Event Analysis¶
This guide explains how to use dominosee for analyzing time series events.
Introduction¶
Event analysis is a fundamental part of understanding hydroclimatic phenomena. dominosee provides tools to select, analyze, and visualize event data across temporal and spatial dimensions.
Basic Event Selection¶
For numpy array-based data, the select_first_period
function allows you to extract the initial phases of events based on their duration:
import numpy as np
import matplotlib.pyplot as plt
from dominosee import select_first_period
# Create sample data (20 time steps, 5 events)
events = np.random.randn(20, 5)
# Define event durations
durations = np.array([5, 10, 7, 12, 6])
# Select the first 3 days of each event
first_period = select_first_period(events, durations, days=3)
# Visualize the results
plt.figure(figsize=(10, 6))
for i in range(5):
plt.plot(first_period[:, i], label=f'Event {i+1}')
plt.legend()
plt.title('First 3 Days of Events')
plt.xlabel('Time Step')
plt.ylabel('Value')
plt.grid(True)
plt.show()
Working with Multidimensional Data¶
For gridded climate data and other multidimensional datasets, dominosee provides xarray-compatible functions that maintain dimension information:
import xarray as xr
import pandas as pd
from dominosee import select_first_period_xr
# Create a sample xarray DataArray with dimensions (time, event, location)
times = pd.date_range('2025-01-01', periods=30)

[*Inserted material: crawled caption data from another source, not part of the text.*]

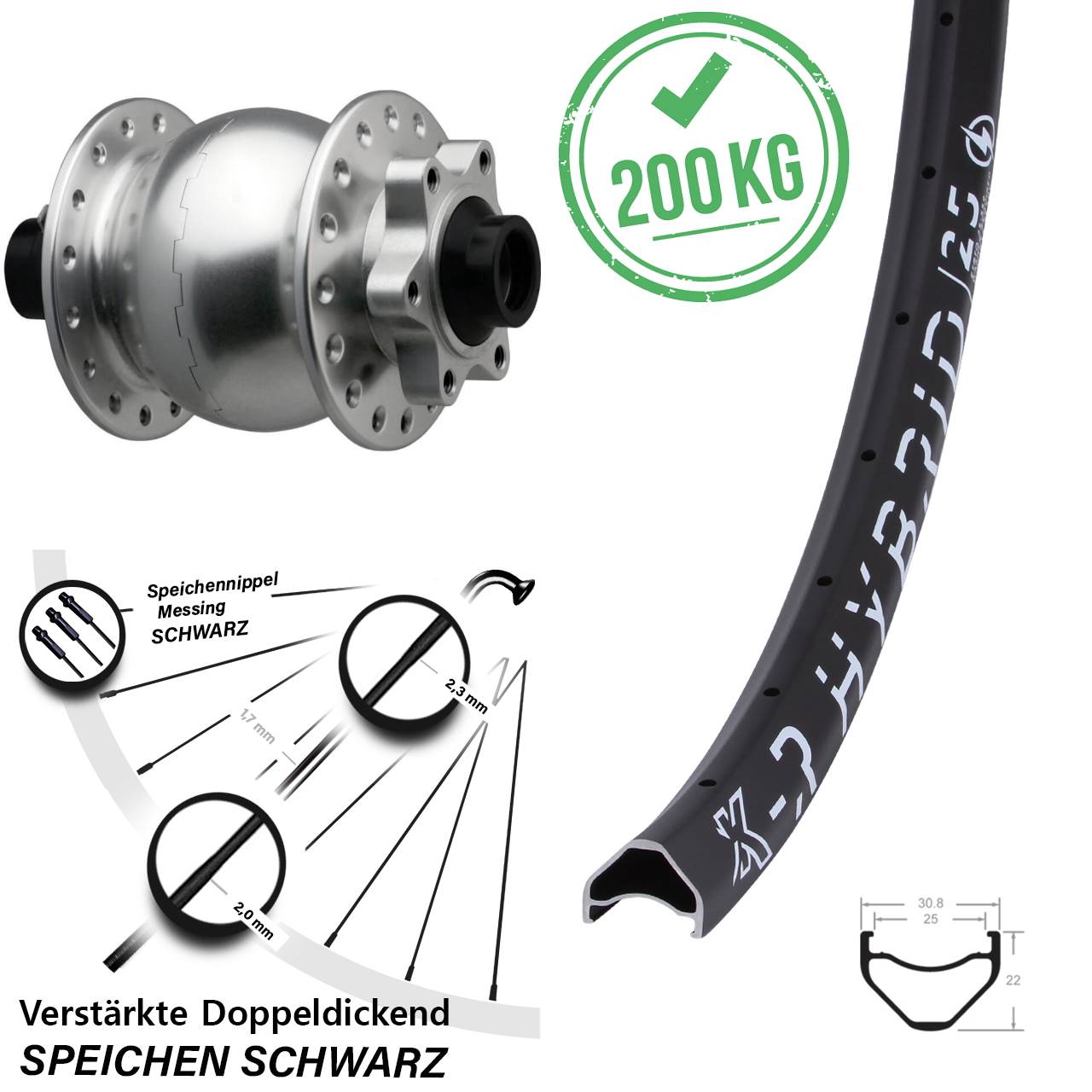 SON 28 KX-R Hybrid 25 27,5 Zoll Vorderrad mit Nabendynamo 6-Loch 15x110 Boost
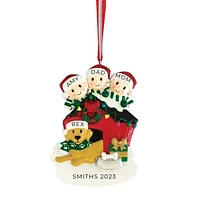 Christmas with Dog Family of 3 Ornament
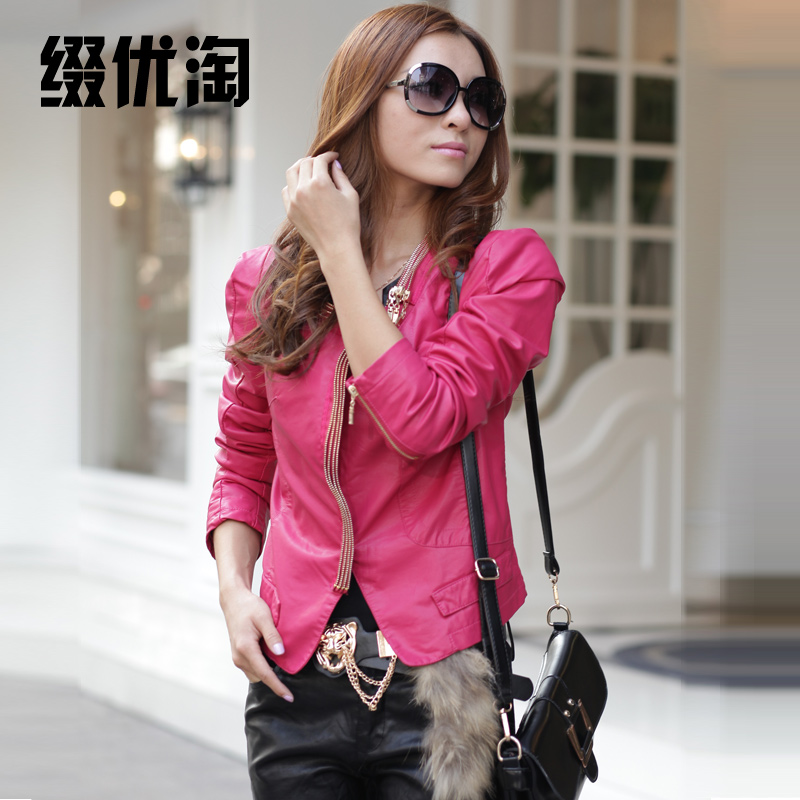 PU small leather clothing outerwear short design slim women's 2013 spring fashion women's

data = np.random.randn(30, 4, 3)
da = xr.DataArray(
data,
dims=('time', 'event', 'location'),
coords={
'time': times,
'event': np.arange(4),
'location': ['A', 'B', 'C']
}
)
# Define durations as an xarray DataArray
durations = xr.DataArray(
np.array([7, 12, 5, 10]),
dims=('event'),
coords={'event': np.arange(4)}
)
# Select the first 5 days of each event
result = select_first_period_xr(da, durations, days=5)
# The result maintains all the dimensions and coordinates of the original DataArray
print(result.dims) # ('time', 'event', 'location')
# Plot the results for one location
result.sel(location='A').plot.line(x='time', hue='event')
plt.title('First 5 Days of Events at Location A')
plt.grid(True)
plt.show()
Handling Edge Cases¶
The event selection functions in dominosee are designed to handle various edge cases:
Events shorter than the requested period: If an event’s duration is less than the requested number of days, the entire event is returned.
Missing values: NaN values in the input data are preserved in the output.
Zero-duration events: These are handled gracefully by returning empty data.
Example with mixed durations:
# Events with varying durations
events = np.random.randn(20, 4)
durations = np.array([2, 10, 1, 5])
# Select first 4 days
result = select_first_period(events, durations, days=4)
# Result will contain:
# - All data for event 0 (2 days)
# - First 4 days for event 1 (10 days)
# - All data for event 2 (1 day)
# - First 4 days for event 3 (5 days)
Using dask for Large Datasets¶
When working with large datasets, you can leverage dask through the xarray integration:
import dask.array as da
# Create a large dask array
dask_data = da.random.random((1000, 20, 50), chunks=(100, 5, 10))
# Convert to xarray with dask backend
dask_da = xr.DataArray(
dask_data,
dims=('time', 'event', 'location'),
coords={
'time': pd.date_range('2025-01-01', periods=1000),
'event': np.arange(20),
'location': np.arange(50)
}
)
# Create duration array
durations = xr.DataArray(
np.random.randint(5, 30, size=20),
dims=('event'),
coords={'event': np.arange(20)}
)
# Apply function with dask backend
result = select_first_period_xr(dask_da, durations, days=7)
# Operations are computed lazily until you request results
computed_result = result.compute()